Facebook Supreme Court
When does a Facebook rant cross into criminal territory? The U.S. Supreme Court will hear a case that could decide. Reuters

The U.S. Supreme Court is set to hear a case that would decide when a posting on social networking and media sites like Facebook is no longer protected free speech, but a criminal threat.

On Monday, the Supreme Court announced that it would hear the case of “Anthony Elonis v. United States,” which came about as the result of several angry and violent postings on Facebook in 2010 by Elonis, a divorced man from Steel City, Pennslyvania.

“Fold up your ['protection from abuse' order] and put it in your pocket. Is it thick enough to stop a bullet?” Elonis wrote in one post in 2010, according to the Wall Street Journal.

Other posts by Elonis indicated he was planning a school shooting:

“Enough elementary schools in a ten mile radius to initiate the most heinous school shooting ever imagined
And hell hath no fury like a crazy man in a kindergarten class
The only question is . . . which one?”

Elonis was eventually convicted in 2011 on four counts of violating federal law that prohibits transmitting threats to kidnap or injure anyone, leading to a nearly four-year prison sentence.

After his conviction, Elonis appealed his case, with a district court and the U.S. Third Circuit Court of Appeals in 2013 upholding his case and conviction.

Unlike other First Amendment issues, the case doesn’t center on whether Elonis’ postings were free speech but whether or not “conviction of threatening another person requires proof of the defendant's subjective intent to threaten," according to the questions posed to the Supreme Court.

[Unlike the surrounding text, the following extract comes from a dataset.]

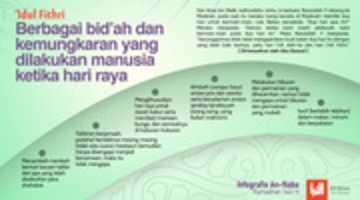 Free download Infografis berbagai bidah dan kemungkaran yang dilakukan manusia ketika hari raya free photo or picture to be edited with GIMP online image editor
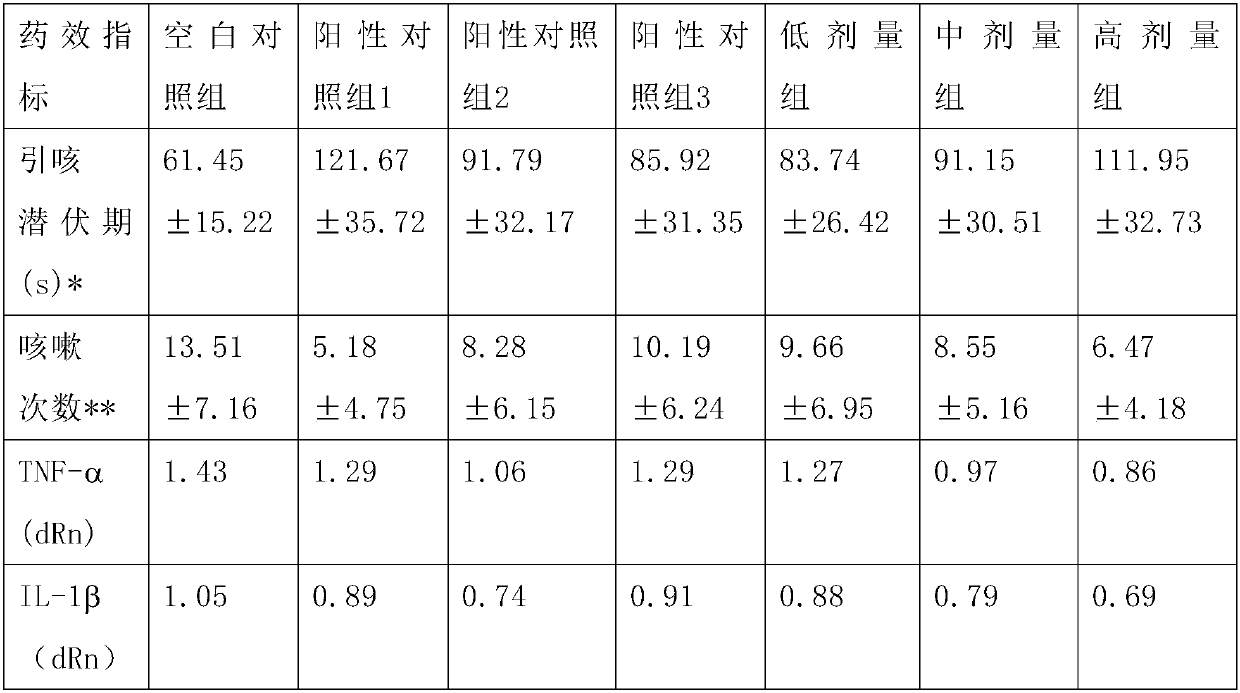 Functional pear bioconversion product fermented by ganoderma lucidum and manufacturing method of product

How the court eventually rules on the case of Elonis v. United States could have far-reaching effects in codifying how the United States deals with online speech. But in the meantime, some government agencies are already looking for other solutions. According to ArsTechnica, the U.S. Secret Service announced in early June that it is looking to develop social media algorithms and software to detect sarcasm online.